RECORDS FOR THIS TASK =
#####

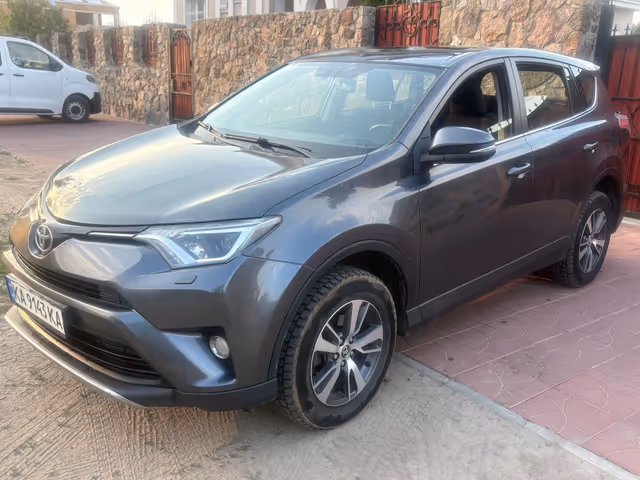 Toyota RAV4 - фото 4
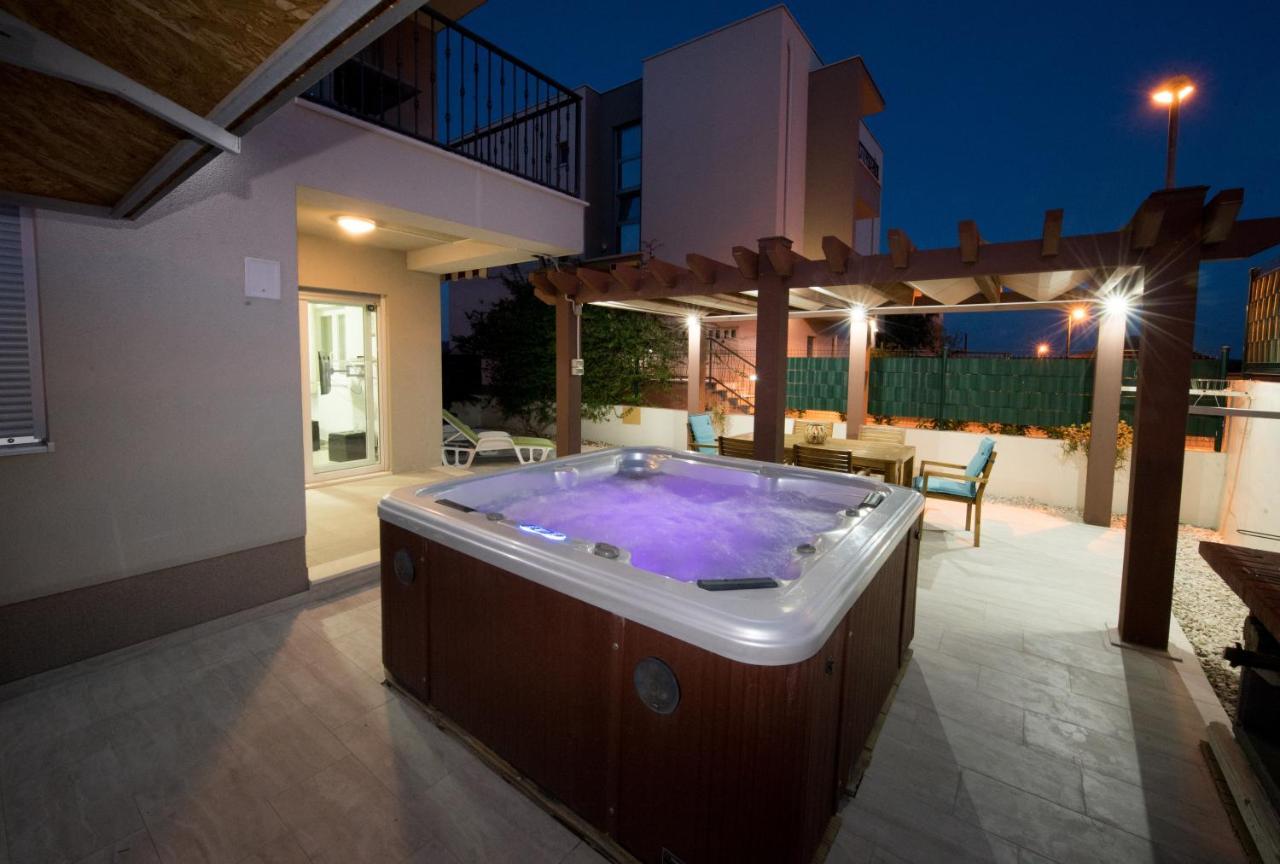 Apartment Miss Tina Trogir Eksteriør bilde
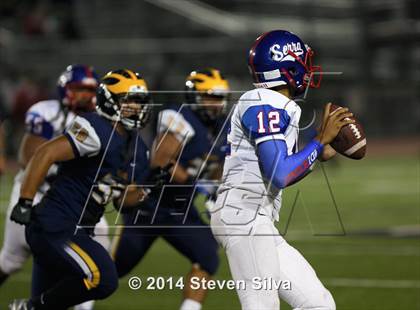 Thumbnail 3 in Bellevue vs. Serra (2014 Honor Bowl - SoCal) photogallery.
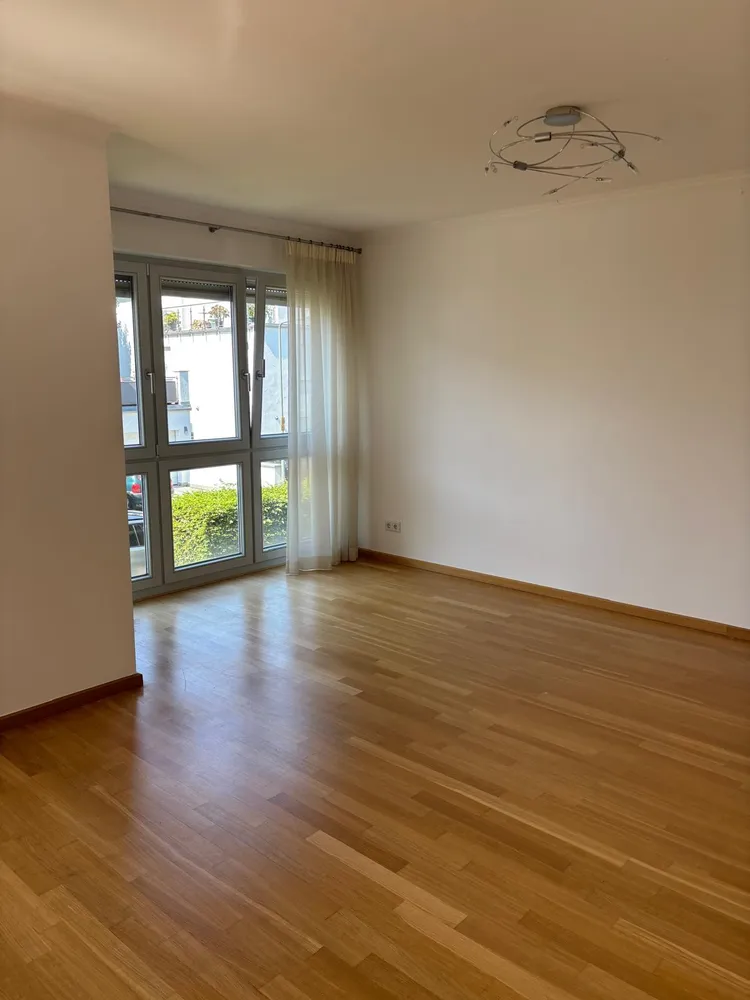 3 room apartment with 88 m² in Frankfurt am Main – Photo 4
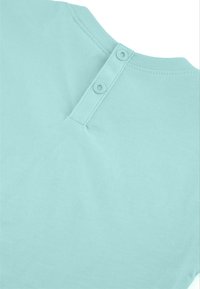 Top de manga corta azul claro con cuello redondo y dos botones en la parte posterior. Fabricado en suave y lisa tela de algodón.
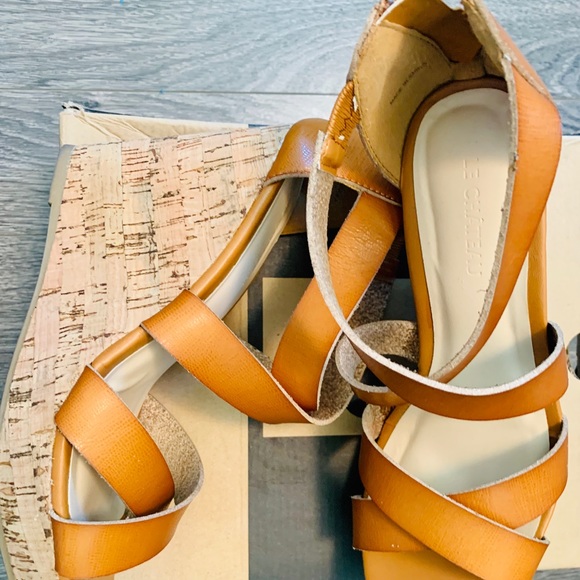 Stylist Wedge Sandals Tan colour Size 8. - Picture 2 of 5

#####

The expected result is the data above in exact form, free of pictures.

WORKED SOLUTION =
 Toyota RAV4 - фото 4
 Apartment Miss Tina Trogir Eksteriør bilde
 Thumbnail 3 in Bellevue vs. Serra (2014 Honor Bowl - SoCal) photogallery.
 3 room apartment with 88 m² in Frankfurt am Main – Photo 4
 Top de manga corta azul claro con cuello redondo y dos botones en la parte posterior. Fabricado en suave y lisa tela de algodón.
 Stylist Wedge Sandals Tan colour Size 8. - Picture 2 of 5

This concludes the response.